Digging a little deeper i was interested to see that on the 1860 map, the area is marked Causeystones, but on later maps called Causeystanes, the Scottish version of the name. Now, this may have due to the Scottish naming of the Blakelys building with Causeystanes engraved, so perhaps Causeystones as a name is slowly being forgotten? Most people do know the area now as Causeystanes not to be confused with the modern Blantyre street of the same name on the outskirts of the area.
On the old ordnance maps, the ground levels are marked on and i can see that nearby fields were higher, with the area of Causeystanes sitting in a dip. This naturally may have meant some bad drainage in that area and hence the need to reinforce the roads with some pavement stones or cobbles.

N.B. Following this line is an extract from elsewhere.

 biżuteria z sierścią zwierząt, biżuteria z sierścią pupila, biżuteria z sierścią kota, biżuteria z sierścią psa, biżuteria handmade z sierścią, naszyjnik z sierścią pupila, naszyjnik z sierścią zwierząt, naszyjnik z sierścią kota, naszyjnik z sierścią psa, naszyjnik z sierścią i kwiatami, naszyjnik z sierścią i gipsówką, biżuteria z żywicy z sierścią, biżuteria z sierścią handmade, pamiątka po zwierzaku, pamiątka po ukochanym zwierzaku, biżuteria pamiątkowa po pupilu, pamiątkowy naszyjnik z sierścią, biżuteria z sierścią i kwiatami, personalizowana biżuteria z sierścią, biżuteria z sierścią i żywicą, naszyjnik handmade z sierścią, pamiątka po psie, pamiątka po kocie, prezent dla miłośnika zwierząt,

There is another strong theory as to how this area got it’s name. On the old 1860 map, again long before the buildings were named, there is a note saying “Check – TP – Toll Point”. An old tollboth looks very likely as being situated at the end of Broompark Road, actually on Main Street. Broompark Road and Main Street were 2 very prominent streets in the emerging , growing town and in the 1600s and 1700s (possibly even 1800s too), the roads connected Lanarkshire to Glasgow, with Broompark leading directly to Pathfoot (Pech Brae) and onwards to Glasgow. The crossing point was certainly an ideal position to erect a toll booth and TAX visitors with carts , sums of money to pass through. This would not have applied to local businesses, but certainly would if you were passing through from other towns. With “heavy horse traffic” passing through frequently, the road and pavements in this area would have to have been upgraded, reinforced with stone, hence the need for causey stanes, or cobbles. Indeed it was a requirement of law for local shops and businesses to upgrade the immediate pavement area outside their premises. No councils existed then and people were responsible for the upkeep of their own pavement area. If they were trampled on, or used by non locals, the businesses according to legislation of the 1700’s were entitled by law to collect these tolls from anybody who drove carriages or carts, hence the need for the tollbooth and the birth of the name Causeystanes.